# Gm,bring back the holden murano!!!!



## LS-1 (Sep 25, 2011)

*Gm,bring back the Gran Turismo Omologato!!*

Hello All, 
Been lurking around here for a while, this is a great forum.For the past few weeks i been reading about the gto and i want this car so ****ing bad.I looked at one yesterday at a local dealer and when i sat in it i cant believe is a GM car!!.Now dont get me wrong i am full blown corvette guy and i own a 02 C-5. The one thing i never liked about all vetts including the new c-6 is that the interior quality is arse.Basically all vette owners except this because vetts are awesome.Now the quality of the gto interior was more like a bmw or lexus,great seats,dash,system! 
Next year the lease is up on my DD, a vw jetta.Once i turn it in im pulling the trigger on a goat.Due to a lower back problem i finding it hard to shift sometimes(my jetta is a 5spd), hence my gto needs to be an auto.It seems that these cars are harder to find and i prefer the 05-06. 
G.M if you are reading this you need to bring this car back to the U.S.!!! 
Perhaps under the chevy division(chevelle SS) or the buick division(grand national):cheers


----------



## LS2 MN6 (Jul 14, 2010)

I'm very tempted to post many pictures of fail.

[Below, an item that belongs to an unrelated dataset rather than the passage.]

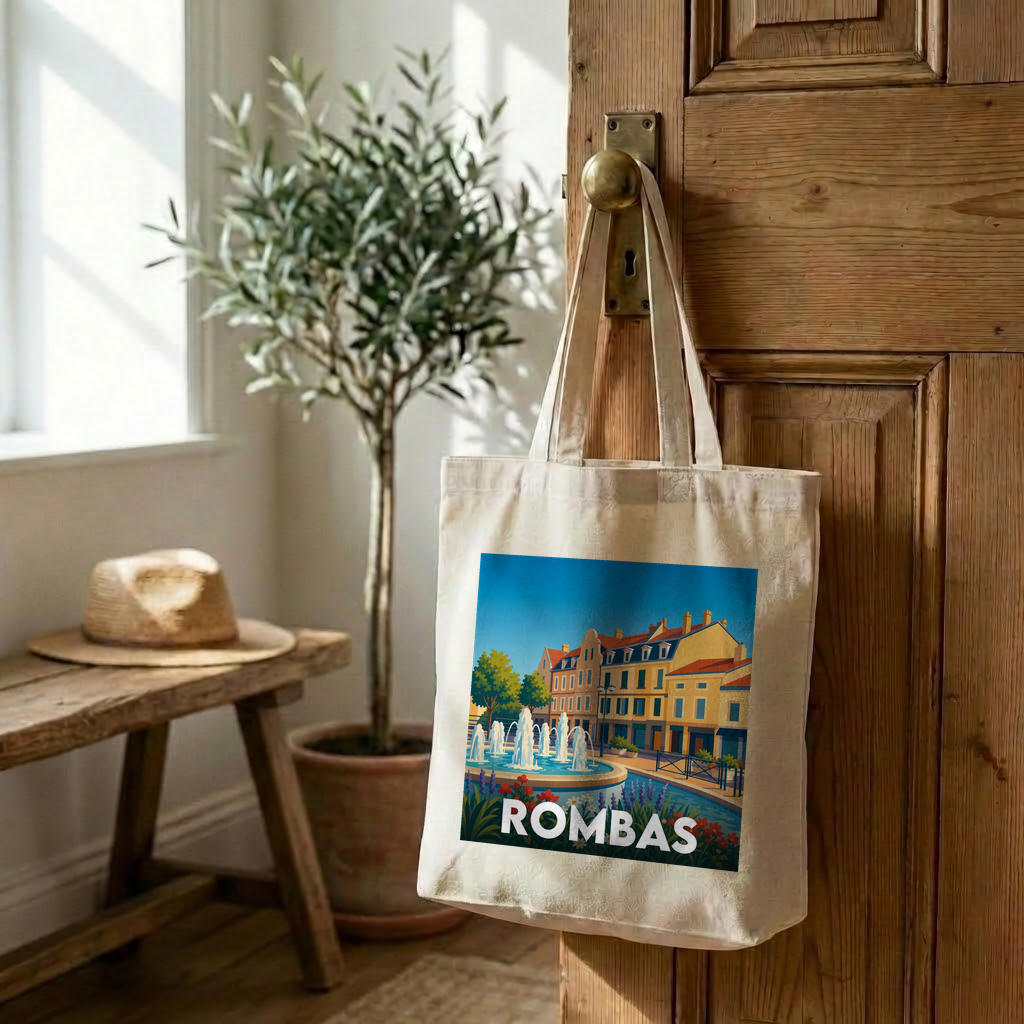 Tote bag souvenir de la ville de Rombas avec une illustration stylisée.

But I'm tired and that would be mean.


----------



## Falco21 (May 11, 2010)

Oh no


----------



## jetstang (Nov 5, 2008)

Welcome to the forum from a C5 Vette owner.. Lots of love. Save up a couple bucks when you get out of the lease, and maybe you can get financing on a used GTO..

Come on guys, that's funny..


----------



## LS-1 (Sep 25, 2011)

Wow tuff crowd,i love it:rofl.Theres an 06 auto by me that im gonna check out soon.If it looks good i may pull trigger.IT seems to me that the automatic cars are getting harder to find these days............ 
Rock on


----------



## HP11 (Apr 11, 2009)

Things must have changed then. At least in my area. When I was looking for mine, I found many automatics. At least as many, if not more, than the 6 speeds I found.


----------



## LS-1 (Sep 25, 2011)

Big op title change, flame suit getting hot..............:lol:


----------



## LS-1 (Sep 25, 2011)

HP11 said:


> Things must have changed then. At least in my area. When I was looking for mine, I found many automatics. At least as many, if not more, than the 6 speeds I found.

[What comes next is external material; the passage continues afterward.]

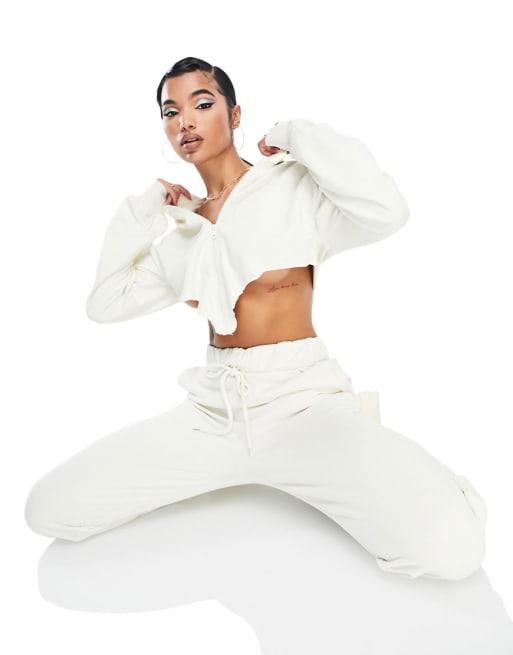ASYou - V-vormige top en joggingbroek in ecru, co-ord set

it prob a matter of timing, i looked at auto trader and out of the 8 that came up with 50 mi of me 6 of them were stick............the hunt is on.


----------



## 6speedlover (Aug 10, 2011)

Same with me, i searched for 2 months, and 8 out of 10 were A4's. Good Luck to you LS-1, and welcome


----------



## LS2 MN6 (Jul 14, 2010)

For me it was the giant unspaced paragraph, that caused me to say fail.

In e-mails as on forums, punctuation, paragraphs, and other aesthetically pleasing formatting are appreciated!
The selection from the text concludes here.